人から仕事を押し付けられている自覚はあるのだが、ギルバート同様にヘタレと称されるレイムにはどうしても断る事ができず、昼間からずっと部屋に篭りきりで仕事をしているのだ。
「……ふぁ…………はっ!いかんいかん!寝るなレイム!まだ朝だぞ!まだ朝…まだ…………………朝!?」
自分の発した恐ろしい言葉に、レイムは思わずバッと顔を上げて窓を見た。
まだ上がって間もない太陽の黄色の光がカーテン越しに柔らかく部屋に差し込んでいる。
つまり朝だ。
「…ええっと…つまり…今は明日な訳か……そんな納得できるかあぁっ!!」
レイムは混乱する自分を落ち着かせようと、いつもの様に眼鏡をキュッキュッと磨き出した。
「レーーイムーー!!!おーはーよーー!!!」
『わふっ!』
「うわああぁっ!?」
扉が壊れるのではないかというほどの勢いでリリィとバンダースナッチが飛び込んできた。
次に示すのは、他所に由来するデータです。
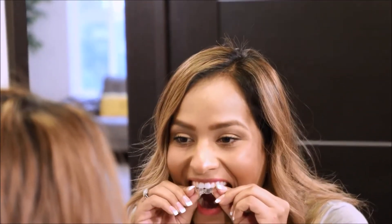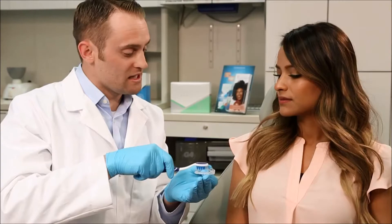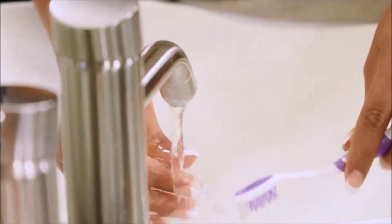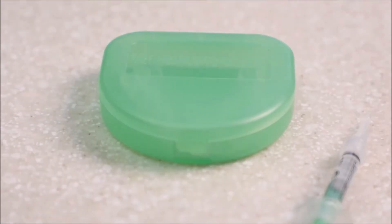After the recommended time is over, remove the tray from your mouth and brush your teeth to remove all the gel from your teeth. Clean the tray with a soft toothbrush and water. Store trays in the case provided by your dental office.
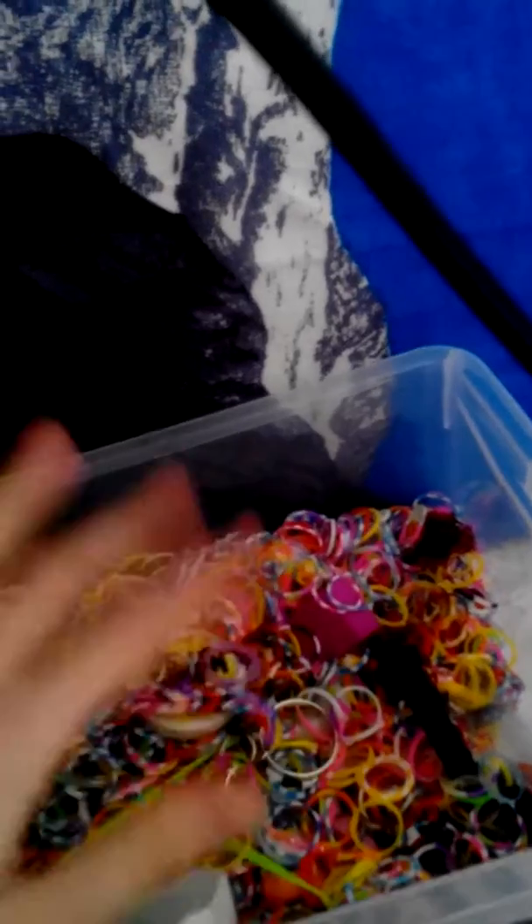There's loads of junk in here, and once I've sorted through it I'm gonna put them all back in and show you how many I actually have. If I take all the stuff out, you'll see that I don't have that many. So I'm gonna take them out and I'll be right with you.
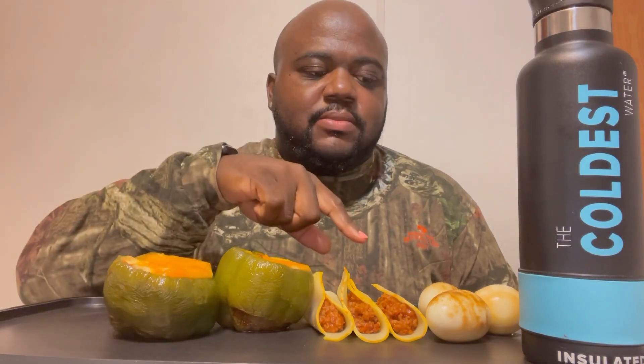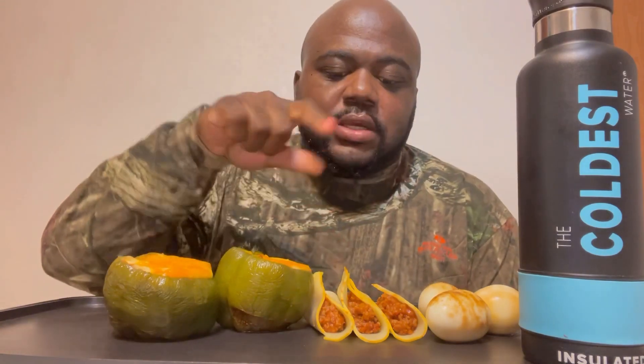Welcome back to another video! Today we have some Manwich stuffed bell peppers with two different kinds of cheeses. We got some shrimp flavored boiled eggs and some Manwich filled taco-style things with cheese instead of sugar. Got water to drink — don't forget to check the link down below for the Coldest Water bottle; use code MARQUISE in all caps for 10% off the entire order.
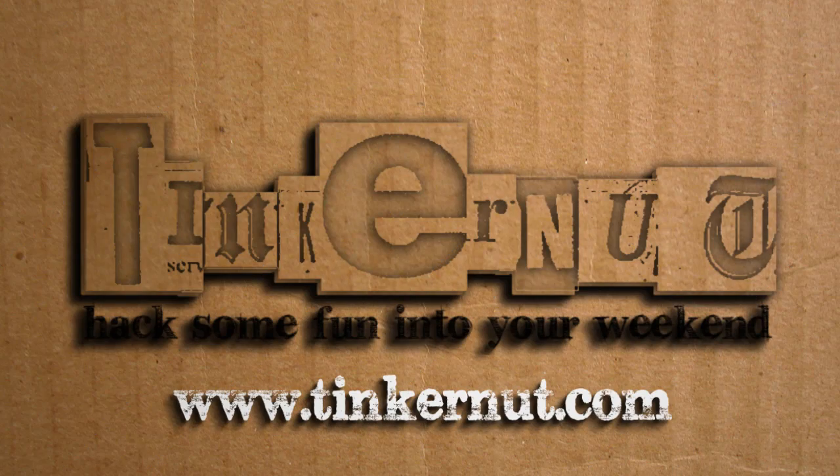Your results will vary, so just use the solution that works best for you. If you have any recommendations for better software, let us know in the comments below. For more tutorials, be sure to check out my YouTube channel or website. Until next time, hack some fun into your weekend.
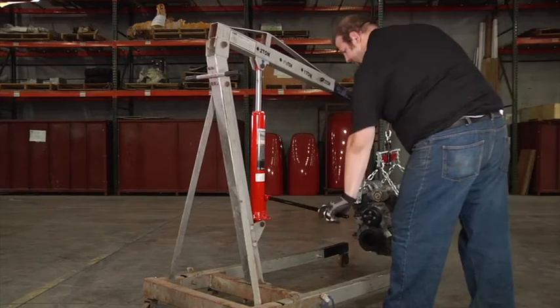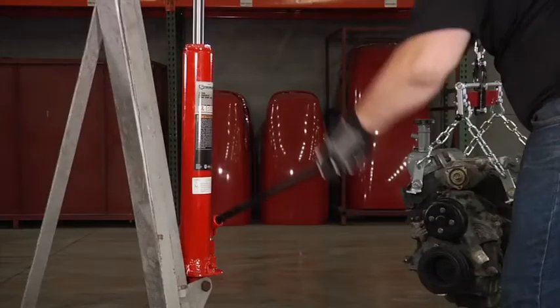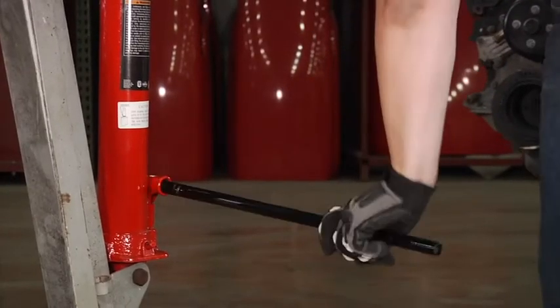These single-piston hydraulic long ram jacks from Strongway are the ideal replacement jacks for hydraulic cranes, engine hoists, and a wide variety of applications. Choose from a 3-ton or an 8-ton jack.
先日パンドラに赤いローブを着てこないように厳重注意をしたため、リリィは誰か貴族の身内が遊びに来てると思われただろう。…この時間ではパンドラ内を歩いている人はほとんどいなかっただろうけども。
とりあえず、それには安心できたレイムはホッと息を吐いて眼鏡をかけた。
「や、やあ…リリィ。もう少し…丁寧に入ってきてくれるかい…?扉が…。」
レイムは苦笑しながらリリィの背後で開きっぱなしになった扉を丁寧に閉じた。この騒ぎでパンドラの人達が起きてしまったら、とんだ迷惑だ。
「うん!分かったぞ!…あれ、レイム…。」
「ん?どうしたんだい、リリィ。」
何か気になるらしい顔をするリリィと顔の高さが同じになるようにしゃがんでやると、リリィはじっとレイムの顔を見つめてきた。
「…り、リリィ?どうしたんだい?」
何となく居心地の悪さに、そう尋ねた瞬間にパッとリリィの小さな手がレイムの眼鏡を奪った。
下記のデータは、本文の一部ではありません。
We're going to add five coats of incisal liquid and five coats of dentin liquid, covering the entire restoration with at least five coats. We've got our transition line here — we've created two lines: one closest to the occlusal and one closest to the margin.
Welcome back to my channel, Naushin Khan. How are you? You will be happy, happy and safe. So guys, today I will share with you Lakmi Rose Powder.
あまりの早技…さすがバスカビルの民…と見当違いな事をクエスチョンマークだらけの頭の片隅で考えていると、リリィがレイムの目の下をなぞった。
「あー!!やっぱり!レイム!お前また隈ができてるぞ!!」
「ああ、やっぱりできてたか…。」
「いつもちゃんと寝なくちゃ駄目だって言ってるじゃないか!!!」
リリィがプンプンという効果音がしそうな雰囲気で拳を作った両手をブンブンと振っている間に、近くにあったガラスに映る自分をチラリと見ると確かに立派な隈が目の下で黒々と弧を描いている。
「レイムの目は綺麗なんだから、目の下に隈なんて作っちゃ駄目だ!!レイムなら仕事はいつでもちゃんとできるだろ!だから寝なくちゃ駄目だ!!」
「あ…う、うん、ごめん。」
リリィの相手に言葉を返させない程の怒涛の攻撃にあい、レイムがたじろいでいると扉がノックもなしに再び開いた。
今度は丁寧な開け方だったが。
開いた隙間から見えた、ピョンピョンと髪があちこちに跳び跳ねた白い頭と赤い瞳の持ち主は、リリィを見るとあからさまに眉根にシワを寄せてみせた。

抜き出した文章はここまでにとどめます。